Hij vroeg hun: Wat was het voor een man, die u tegemoet kwam, en zo tot u sprak?
8 They replied, “He was a hairy man and he had a [wide] leather belt around his waist.” The king exclaimed, “That was Elijah!”
Zij antwoordden: Hij had lang haar, en droeg een leren riem om zijn middel. Toen sprak hij: Dat was Elias uit Tisjbe.
9 Then the king sent an officer with 50 soldiers to seize Elijah. They found Elijah sitting on the top of a hill. The officer called out to him, “Prophet, the king commands that you come down here!”
Nu zond hij een hoofdman van vijftig met vijftig man op hem af. Deze ging naar Elias toe, terwijl hij op de top van een heuvel zat, en zeide tot hem: Man Gods, de koning beveelt u te komen.
10 But Elijah replied, “I am a prophet; so, I command that fire come down from the sky and burn up you and your 50 soldiers!” Immediately, fire came down from the sky and completely burned up the officer and his 50 [soldiers].
Maar Elias gaf hem ten antwoord: Als ik een godsman ben, dale er vuur uit de hemel neer, en verslinde u en uw mannen. En opeens sloeg het vuur uit de hemel neer, en verslond hem en zijn mannen.
11 [When the king found out about that, ] he sent another officer with 50 more soldiers. They went [to where Elijah was], and the officer called out to him, “Prophet, the king commands that you come down immediately!”
Opnieuw zond de koning een hoofdman van vijftig met vijftig man op hem af. Ook deze ging naar hem toe en zei: Man Gods, de koning beveelt u, terstond te komen.
12 But Elijah replied, “I am a prophet; [to prove that, ] I command that fire come down from the sky and kill you and your soldiers!” Then a fire from God came down from the sky and killed the officer and his soldiers.
Maar Elias antwoordde: Als ik een godsman ben, dan dale er vuur uit de hemel neer, en verslinde u en uw mannen. En weer sloeg er vuur uit de hemel neer, en verslond hem en zijn mannen.

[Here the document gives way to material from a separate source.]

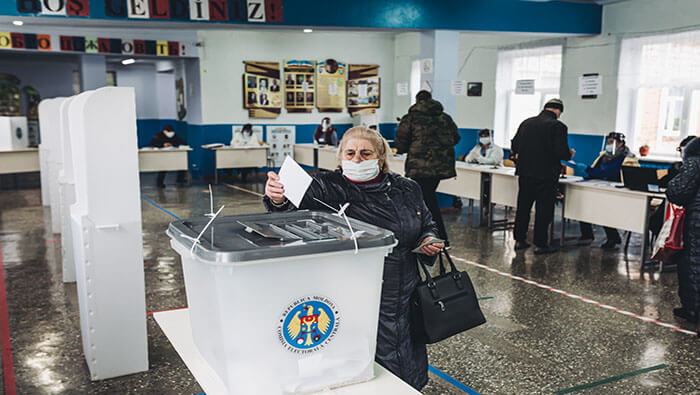Alrededor de 1.900 observadores locales y 309 internacionales supervisarán las elecciones en la antigua república soviética.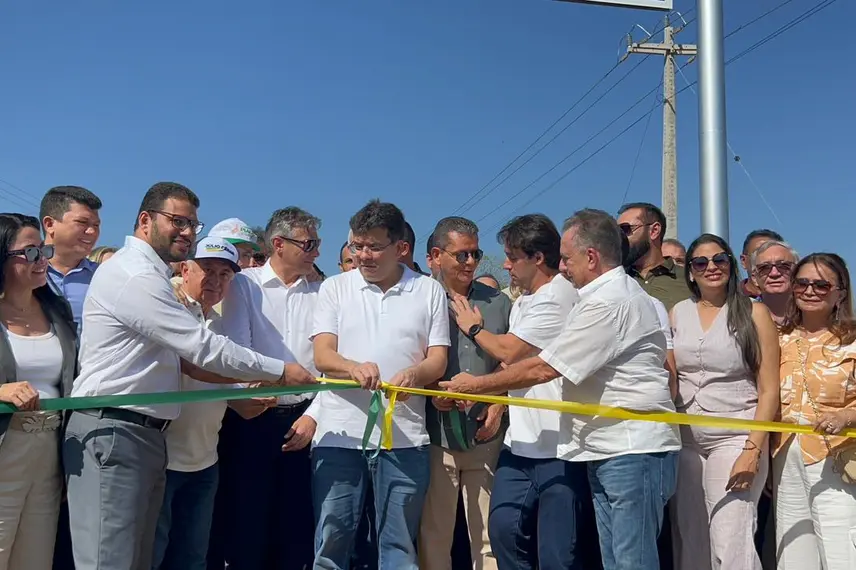 Governador entrega obras e participa de plenária do Diálogos pelo Piauí em Valença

13 [When the king heard about that] he sent another officer with 50 more soldiers. [They went to where Elijah was], and the officer prostrated himself in front of Elijah, and said to him, “Prophet, I plead with you, be kind to me and my 50 soldiers, and (do not kill us/allow us to remain alive)!

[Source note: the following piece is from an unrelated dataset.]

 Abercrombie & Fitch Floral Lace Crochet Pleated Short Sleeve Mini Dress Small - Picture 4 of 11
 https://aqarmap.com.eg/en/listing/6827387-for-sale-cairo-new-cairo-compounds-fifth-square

Toen zond de koning voor de derde maal een hoofdman van vijftig met vijftig man. Maar toen deze boven kwam, viel hij voor Elias op zijn knieën neer en smeekte hem: Man Gods, spaar toch mijn leven en dat der vijftig mannen, uw dienaars!

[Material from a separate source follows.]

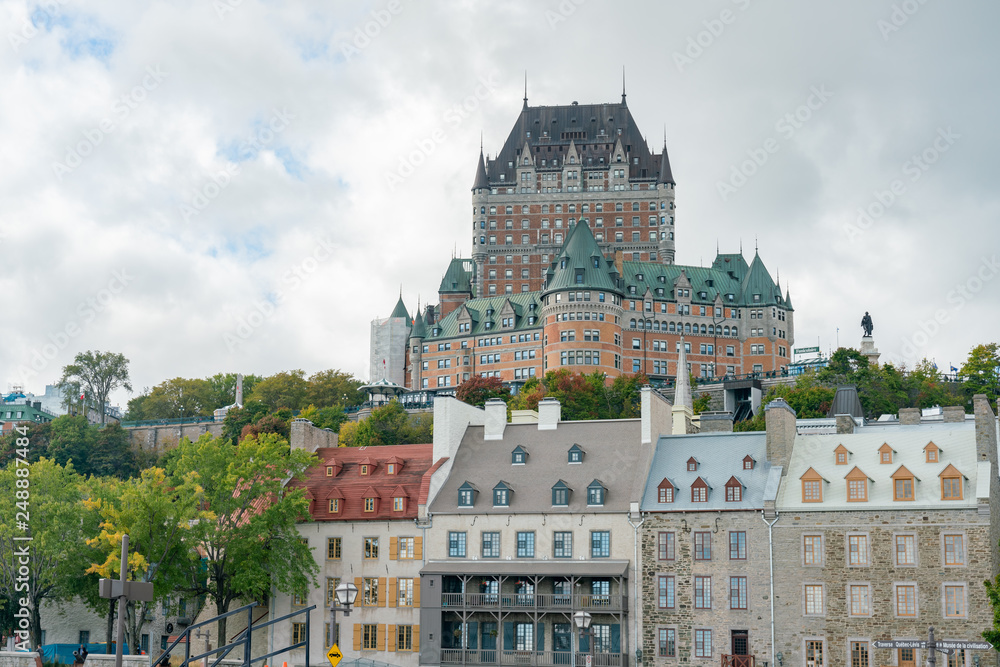 Fototapeta premium Widok zewnętrzny słynnego Fairmont Le Château Frontenac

14 [We know that] two times fire came down from the sky and killed officers and the 50 soldiers who were with them. So now, please be kind to me!”
Want er is vuur uit de hemel neergeslagen, en het heeft de twee vorige hoofdmannen van vijftig met hun mannen verslonden; spaar dus mijn leven.
15 Then the angel from Yahweh said to Elijah, “Go down [and go] with him. Do not be afraid of him.” So Elijah went with them to the king.
Nu sprak de engel van Jahweh tot Elias: Ga met hem mee en vrees hem niet. Toen stond hij op, en ging met hem mee naar den koning.
16 [When Elijah arrived, ] he said to the king, “This is what Yahweh says: ‘You sent messengers to go to Ekron to ask Baalzebub, their god, [whether you would recover]. You acted as though [RHQ] there is no God in Israel to consult. So you will not recover from being injured; instead, you are going to die!’”
En hij zeide tot hem: Zo spreekt Jahweh! Omdat gij boden hebt uitgezonden, om Báal-Zeboeb te raadplegen, den god van Ekron, daarom zult ge van het bed, waarop ge ligt, niet meer opstaan; want ge zult sterven.
17 So Ahaziah died, which is what Yahweh told Elijah would happen. Ahaziah’s [younger] brother Joram became the new king, when Jehoram, the son of Jehoshaphat, had been ruling Judah for almost two years. Ahaziah’s brother became the king because Ahaziah had no son [to become the king].
En hij stierf, zoals Jahweh hem door Elias voorspeld had. En omdat hij geen zoon had, volgde zijn broer Joram hem op1.
18 [If you want to know about] all the other things that Ahaziah did, they are [RHQ] written in the scroll called ‘The History of the Kings of Israel’.
De verdere geschiedenis van Achazja, met wat hij gedaan heeft, is beschreven in het boek der kronieken van de koningen van Israël.